Pictures with short captions:
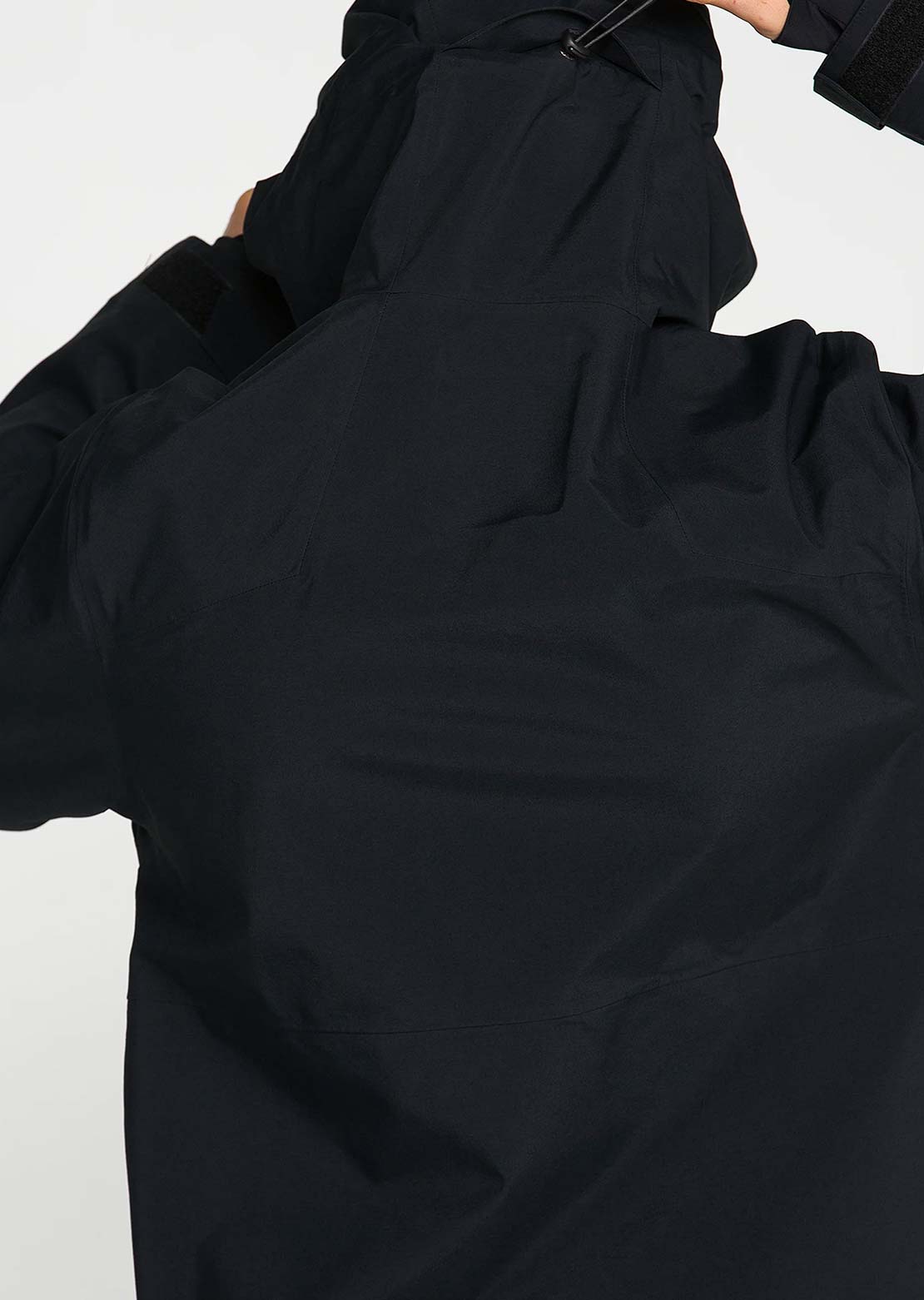 Volcom Men's Guch 3L Gore-Tex Pro Jacket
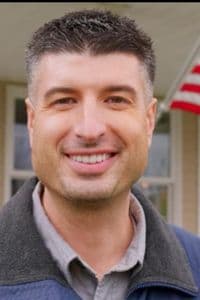 Profile picture of Thomas Barrett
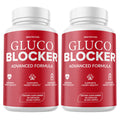 Pills for Heart Health and Blood Balance F75499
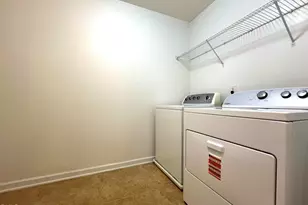 1495 Willowcrest Rd, Durham, NC 27703 - Photo 30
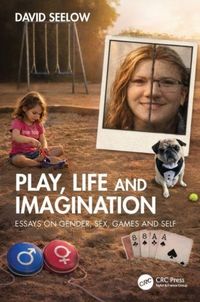 Produktbild: Play, Life and Imagination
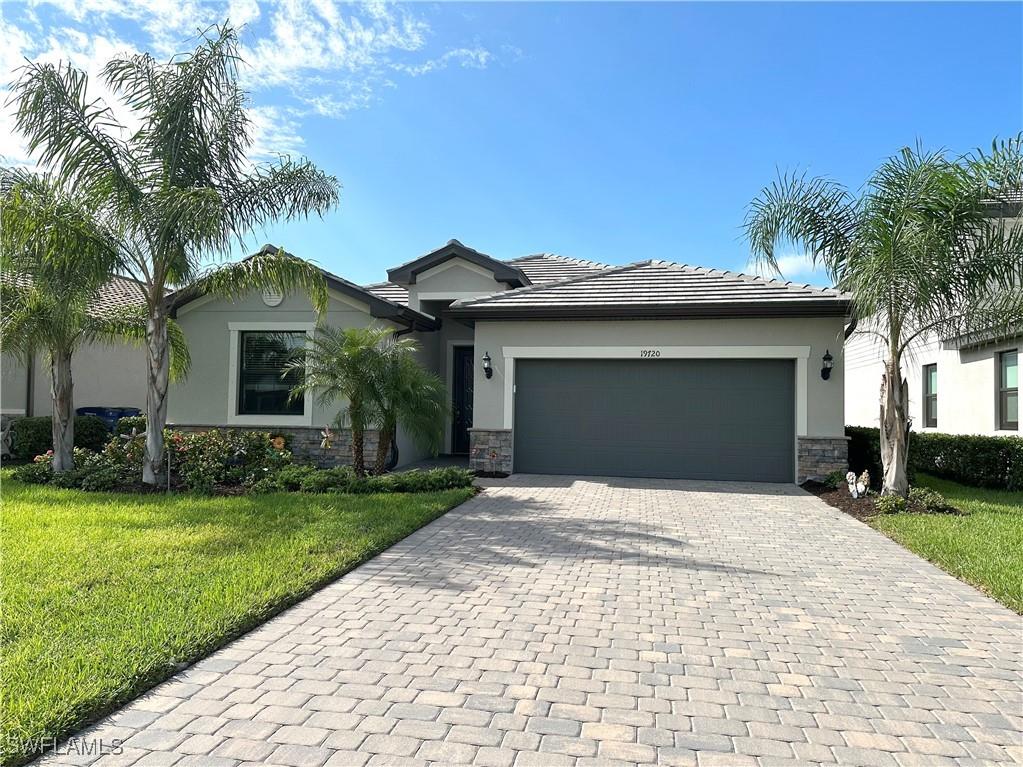 19720 The Place Boulevard Estero FL 33928 225016135 image1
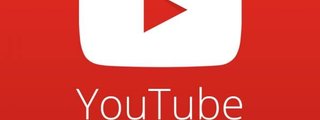 Que tanto sabes de Youtubers..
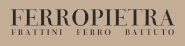 FERRO BATTUTO BRESCIA
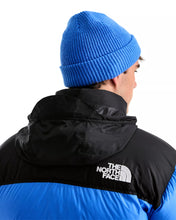 Load image into Gallery viewer, THE NORTH FACE 1996 RETRO NUPTSE MENS JACKET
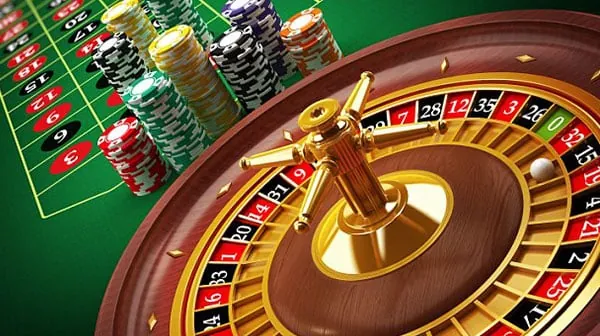 Razz Poker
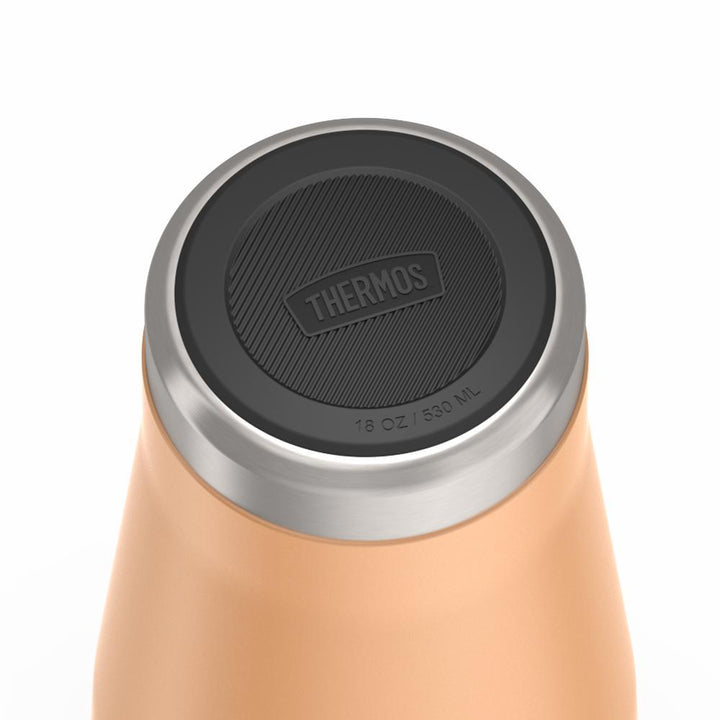 530 ml Icon™ Tumbler With Slide Lock Lid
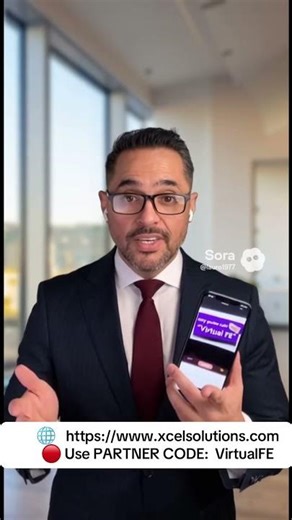 How To Obtain A Life Insurance License ?✅#xcelsolutions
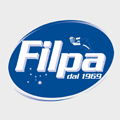 filpa_new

Exercise details
The records above are to be reproduced exactly; the pictures are to be left out.

Answer
 Volcom Men's Guch 3L Gore-Tex Pro Jacket
 Profile picture of Thomas Barrett
 Pills for Heart Health and Blood Balance F75499
 1495 Willowcrest Rd, Durham, NC 27703 - Photo 30
 Produktbild: Play, Life and Imagination
 19720 The Place Boulevard Estero FL 33928 225016135 image1
 Que tanto sabes de Youtubers..
 FERRO BATTUTO BRESCIA
 Load image into Gallery viewer, THE NORTH FACE 1996 RETRO NUPTSE MENS JACKET
 Razz Poker
 530 ml Icon™ Tumbler With Slide Lock Lid
 How To Obtain A Life Insurance License ?✅#xcelsolutions
 filpa_new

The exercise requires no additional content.